Existe um jeito certo de errar?

Daniel Fernandes

11 de agosto de 2015 | 07h01

Empreendedores constantemente estão sujeitos a erros. Especialmente quando desenvolvemos novos produtos ou serviços que o mercado ainda não conhece. Além de saber prever quais erros podem aparecer no decorrer de um projeto e quais as maneiras de contornar a situação, outras habilidades também são muito importantes na hora de empreender.
Dentre elas, destaco a capacidade de analisar métricas, de observar a reação dos clientes, de estar apto à mudanças e de agir rapidamente quando algo dá errado, sempre pensando no melhor para a empresa. Mesmo na hora de falhar é necessário falhar direito para tornar o processo para sua equipe, investidores e todos os envolvidos o menos doloroso possível. E deixar as portas abertas para novas oportunidades.
Quando pensamos em métricas, elas não devem ser apenas positivas no quesito de crescimento e potencial financeiro. Elas precisam sustentar a sua visão para o negócio. No início de 2014, um aplicativo de expressão criativa, comunicação transparente e postagens anônimas com o slogan de “Fale abertamente” e “Seja você mesmo” foi lançado.

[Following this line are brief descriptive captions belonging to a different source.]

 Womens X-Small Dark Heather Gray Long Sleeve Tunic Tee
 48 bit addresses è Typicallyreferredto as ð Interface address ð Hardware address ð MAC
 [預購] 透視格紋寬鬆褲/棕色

Em pouco menos de um ano e meio, o aplicativo “Secret” conseguiu 15 milhões de usuários e recebeu 35 milhões de dólares de investimento. A maioria das métricas apontava um futuro brilhante.
Porém, o aplicativo se tornou alvo de polêmicas em todo o mundo, chegando a ser proibido temporariamente no Brasil em agosto de 2014 com a justificativa de violação dos princípios constitucionais ao permitir o usufruto da liberdade de expressão de modo anônimo, podendo, dessa forma, ser um serviço usado para o bullying virtual.

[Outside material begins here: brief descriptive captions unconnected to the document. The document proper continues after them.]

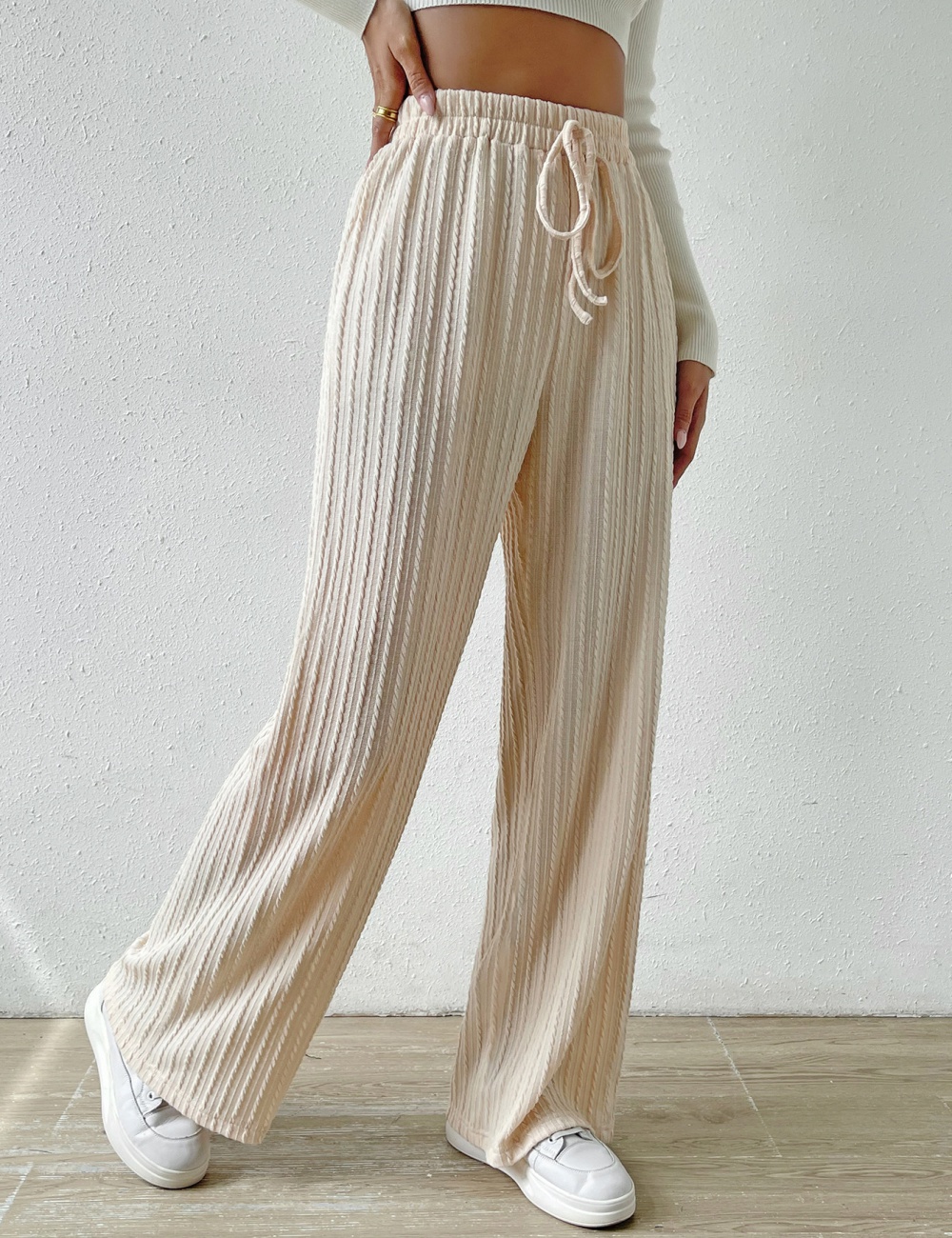 European style knitted pure elastic grain loose long pants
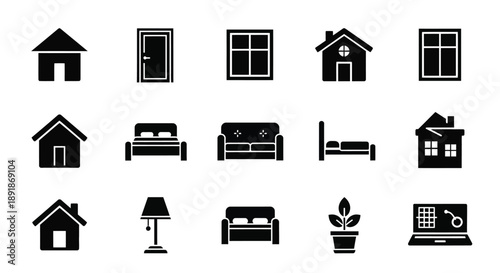 Black home and furniture icons arranged in a grid silhouette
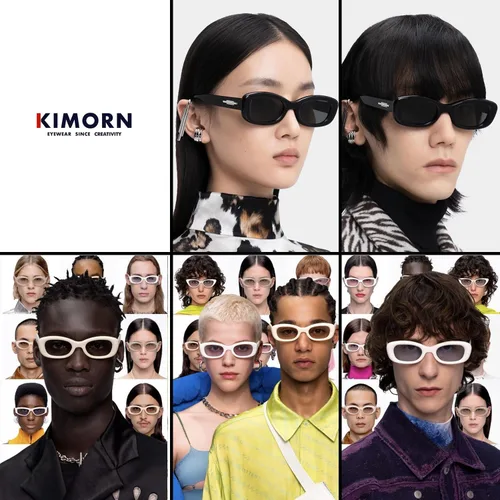 Miniatura 2 de kimorn Lentes de sol rectangulares para mujeres y hombres, modernos, retro, a la moda, gafas de sol vintage de los años 90, protección UV 400, marco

A polêmica continuou em todo o mundo e por mais que a empresa tenha feito algumas reestruturações para evitar o abuso de usuários, em abril de 2015 o fundador David Byttow anunciou o fechamento. Ele alegou que o produto que criou era muito diferente da visão que tinha quando lançou o aplicativo. O anonimato da plataforma acabou tornando o espaço um berço de comentários racistas, sexistas, fofoca de escritório e bullying generalizado.  Com esse tipo de conteúdo no aplicativo, que compartilhava uma única timeline para todos os usuários, era impossível manter-se fiel à missão da empresa, que era “ser uma plataforma que traga mais autenticidade, autoconhecimento e empatia para mundo” .

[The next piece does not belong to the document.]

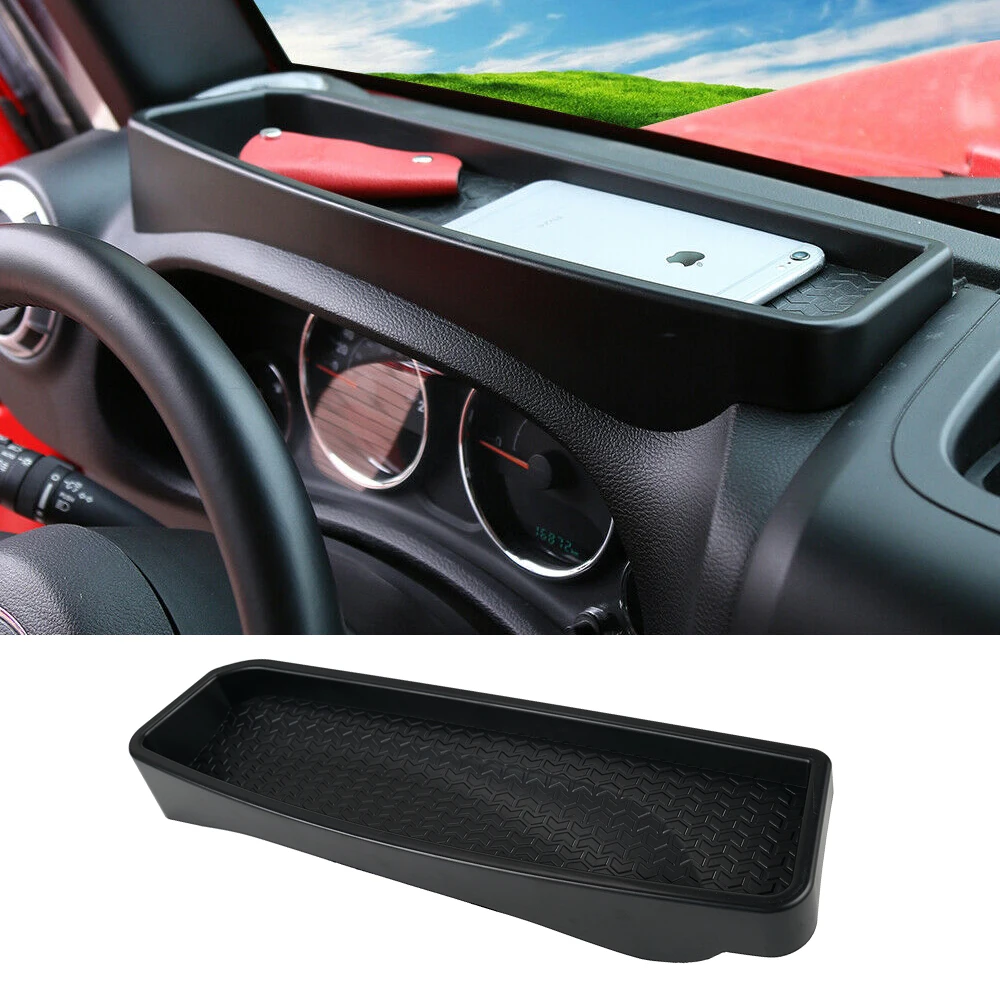 

Car Front Dashboard Storage Box Tray Trim Black For Jeep Wrangler JK 2011-2017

Mas Byttow foi além: ele teve todo o cuidado necessário ao fechar o projeto no que diz respeito aos envolvidos. Além de devolver o dinheiro para os investidores, ele destinou os últimos meses da companhia procurando outros empregos e projetos para o time principal do Secret. Essa atitude foi vista como louvável no Vale do Silício. Ele mostrou que sabe errar direito. Apesar de ninguém gostar de falhar, assumir os seus erros publicamente pode ser um processo de grande aprendizado e um belo gesto de humildade. Se eventualmente decidirmos largar ou mudar um projeto, é nobre se organizar para causar o menor dano possível para as pessoas que nos ajudaram a realizar esse projeto. E é essencial usar qualquer erro como aprendizado para o futuro.
* Bel Pesce é fundadora da escola FazINOVA e autora dos livros “A Menina do Vale” e “Procuram-se Super-Heróis”. Apaixonada por culturas empresariais, Bel Pesce explora diferentes cases em sua coluna no Estado PME.